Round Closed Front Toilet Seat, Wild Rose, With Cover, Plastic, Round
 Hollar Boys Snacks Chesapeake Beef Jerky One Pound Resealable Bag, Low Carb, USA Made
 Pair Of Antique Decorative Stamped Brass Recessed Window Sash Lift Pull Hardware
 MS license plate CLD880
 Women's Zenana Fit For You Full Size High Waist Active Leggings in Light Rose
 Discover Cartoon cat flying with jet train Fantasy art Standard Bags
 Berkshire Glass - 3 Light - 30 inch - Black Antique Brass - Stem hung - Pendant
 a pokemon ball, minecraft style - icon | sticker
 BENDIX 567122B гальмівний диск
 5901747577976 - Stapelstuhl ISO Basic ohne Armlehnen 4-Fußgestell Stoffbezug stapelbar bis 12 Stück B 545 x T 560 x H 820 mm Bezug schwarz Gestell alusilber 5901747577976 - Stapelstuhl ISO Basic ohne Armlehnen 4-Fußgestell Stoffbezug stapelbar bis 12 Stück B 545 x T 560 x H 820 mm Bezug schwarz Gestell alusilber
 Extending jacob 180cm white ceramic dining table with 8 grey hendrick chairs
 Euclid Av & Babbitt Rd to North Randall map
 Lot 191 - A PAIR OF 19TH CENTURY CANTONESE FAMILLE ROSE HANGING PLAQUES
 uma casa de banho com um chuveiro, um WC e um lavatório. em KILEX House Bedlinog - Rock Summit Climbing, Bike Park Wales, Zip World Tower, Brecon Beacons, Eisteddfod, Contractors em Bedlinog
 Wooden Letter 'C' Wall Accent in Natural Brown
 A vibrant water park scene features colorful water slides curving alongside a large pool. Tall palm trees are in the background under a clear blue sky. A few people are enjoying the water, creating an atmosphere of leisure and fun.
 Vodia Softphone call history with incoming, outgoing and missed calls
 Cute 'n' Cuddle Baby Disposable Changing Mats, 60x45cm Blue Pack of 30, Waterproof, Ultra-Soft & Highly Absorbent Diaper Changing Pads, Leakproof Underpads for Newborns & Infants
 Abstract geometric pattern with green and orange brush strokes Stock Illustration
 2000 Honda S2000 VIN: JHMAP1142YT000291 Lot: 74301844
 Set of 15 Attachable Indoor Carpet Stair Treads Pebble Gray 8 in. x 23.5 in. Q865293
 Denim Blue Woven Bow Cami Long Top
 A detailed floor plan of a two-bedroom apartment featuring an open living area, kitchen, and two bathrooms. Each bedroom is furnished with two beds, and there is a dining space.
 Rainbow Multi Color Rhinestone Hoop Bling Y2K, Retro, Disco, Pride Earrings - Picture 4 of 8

* **DIRECTIONS**
Could you return all of the data exactly as written?

* **RESULT BELOW**
Round Closed Front Toilet Seat, Wild Rose, With Cover, Plastic, Round
 Hollar Boys Snacks Chesapeake Beef Jerky One Pound Resealable Bag, Low Carb, USA Made
 Pair Of Antique Decorative Stamped Brass Recessed Window Sash Lift Pull Hardware
 MS license plate CLD880
 Women's Zenana Fit For You Full Size High Waist Active Leggings in Light Rose
 Discover Cartoon cat flying with jet train Fantasy art Standard Bags
 Berkshire Glass - 3 Light - 30 inch - Black Antique Brass - Stem hung - Pendant
 a pokemon ball, minecraft style - icon | sticker
 BENDIX 567122B гальмівний диск
 5901747577976 - Stapelstuhl ISO Basic ohne Armlehnen 4-Fußgestell Stoffbezug stapelbar bis 12 Stück B 545 x T 560 x H 820 mm Bezug schwarz Gestell alusilber 5901747577976 - Stapelstuhl ISO Basic ohne Armlehnen 4-Fußgestell Stoffbezug stapelbar bis 12 Stück B 545 x T 560 x H 820 mm Bezug schwarz Gestell alusilber
 Extending jacob 180cm white ceramic dining table with 8 grey hendrick chairs
 Euclid Av & Babbitt Rd to North Randall map
 Lot 191 - A PAIR OF 19TH CENTURY CANTONESE FAMILLE ROSE HANGING PLAQUES
 uma casa de banho com um chuveiro, um WC e um lavatório. em KILEX House Bedlinog - Rock Summit Climbing, Bike Park Wales, Zip World Tower, Brecon Beacons, Eisteddfod, Contractors em Bedlinog
 Wooden Letter 'C' Wall Accent in Natural Brown
 A vibrant water park scene features colorful water slides curving alongside a large pool. Tall palm trees are in the background under a clear blue sky. A few people are enjoying the water, creating an atmosphere of leisure and fun.
 Vodia Softphone call history with incoming, outgoing and missed calls
 Cute 'n' Cuddle Baby Disposable Changing Mats, 60x45cm Blue Pack of 30, Waterproof, Ultra-Soft & Highly Absorbent Diaper Changing Pads, Leakproof Underpads for Newborns & Infants
 Abstract geometric pattern with green and orange brush strokes Stock Illustration
 2000 Honda S2000 VIN: JHMAP1142YT000291 Lot: 74301844
 Set of 15 Attachable Indoor Carpet Stair Treads Pebble Gray 8 in. x 23.5 in. Q865293
 Denim Blue Woven Bow Cami Long Top
 A detailed floor plan of a two-bedroom apartment featuring an open living area, kitchen, and two bathrooms. Each bedroom is furnished with two beds, and there is a dining space.
 Rainbow Multi Color Rhinestone Hoop Bling Y2K, Retro, Disco, Pride Earrings - Picture 4 of 8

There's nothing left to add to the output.